Listen to a panel of judges answering questions put to them by a school’s live audience. Topics include knife crime, the impact of artificial intelligence on the justice system, human rights law on leaving the EU, and the variety of work undertaken by a judge.
Work has also been taking place to get more judges into schools to explain the justice system and bust some of the myths around what it is to be a judge.
The Judicial Office’s diversity team recently organised a School’s Question Time event in collaboration with the National Justice Museum, which has a base in the Royal Courts of Justice, and Young Citizens which is the largest charity involved in public legal education in the UK.

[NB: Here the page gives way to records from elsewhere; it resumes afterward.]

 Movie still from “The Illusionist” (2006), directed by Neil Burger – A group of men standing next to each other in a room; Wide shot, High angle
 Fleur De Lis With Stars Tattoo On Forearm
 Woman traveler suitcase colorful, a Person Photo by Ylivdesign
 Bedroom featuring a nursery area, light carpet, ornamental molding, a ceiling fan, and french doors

The event was held in Court 4 of the RCJ and there was great excitement as the children arrived to partake. Lady Justice Heather Hallett chaired the panel. She was joined by Mrs Justice Cutts, Deputy Lead Diversity and Community Relations Judge Tan Ikram and DCRJs HHJ Angela Morris and REJ Fiona Monk.

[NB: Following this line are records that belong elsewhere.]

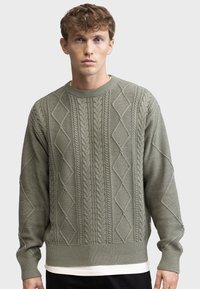 Olive green knitted sweater with diamond and cable patterns, a crew neck, ribbed cuffs, and hem; textured fabric, relaxed fit.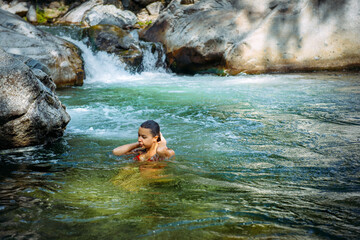 Happy beautiful woman swimming in tropical mountain river with cascade waterfall. Young female traveller bathing in icy water for health improvement and strengthening of immunity.
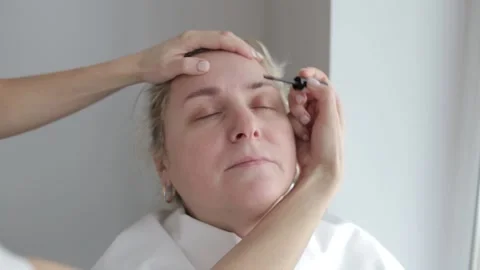 The difference before and after when coloring eyebrows. Eyebrow coloring Stock Footage 222906652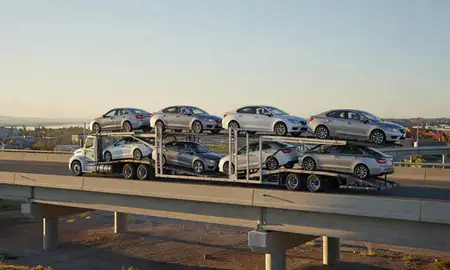 Car transporter with the Thermopolis, Wyoming, United States skyline behind it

Youngsters from eight local schools attended and put forward a range of questions, from describing a typical day as a judge to whether or not judges have a future with the advancement of artificial intelligence.
When the children were interviewed after the event, it was very clear to see their perceptions of the judiciary had changed in a positive direction from this single event.
Here is a six-minute video with some highlights of the event:
Please click on this link to our YouTube page to watch an hour-long version of the event.
Note to teachers: Questions are time-marked as you may wish to use some of the topics for group discussions (see attachment below).
The judges imparted a lot of useful advice to the school’s audience and Lady Justice Hallett emphasised the importance of effective communication irrespective of what career path is chosen.
“No matter what your background, if you are good enough and have the right qualities, we want you” – Lady Justice Heather Hallett
She spoke about:
- the art of communication and its importance to success
- how to persist with your dreams
- staying professional in the most trying of circumstances
- qualities needed to be a judge such as good listening skills and resilience
- being aware of personal barriers you may put up which may thwart your progress or undermine your confidence
- and making the most of your opportunities.
The overall message is that, if you have the talent and qualities needed and determination to succeed, then irrespective of your background, a judicial career is open to you, alongside a wide range of other careers in the law and the justice system.
Given the success of this event, it is something we hope to replicate in the regions.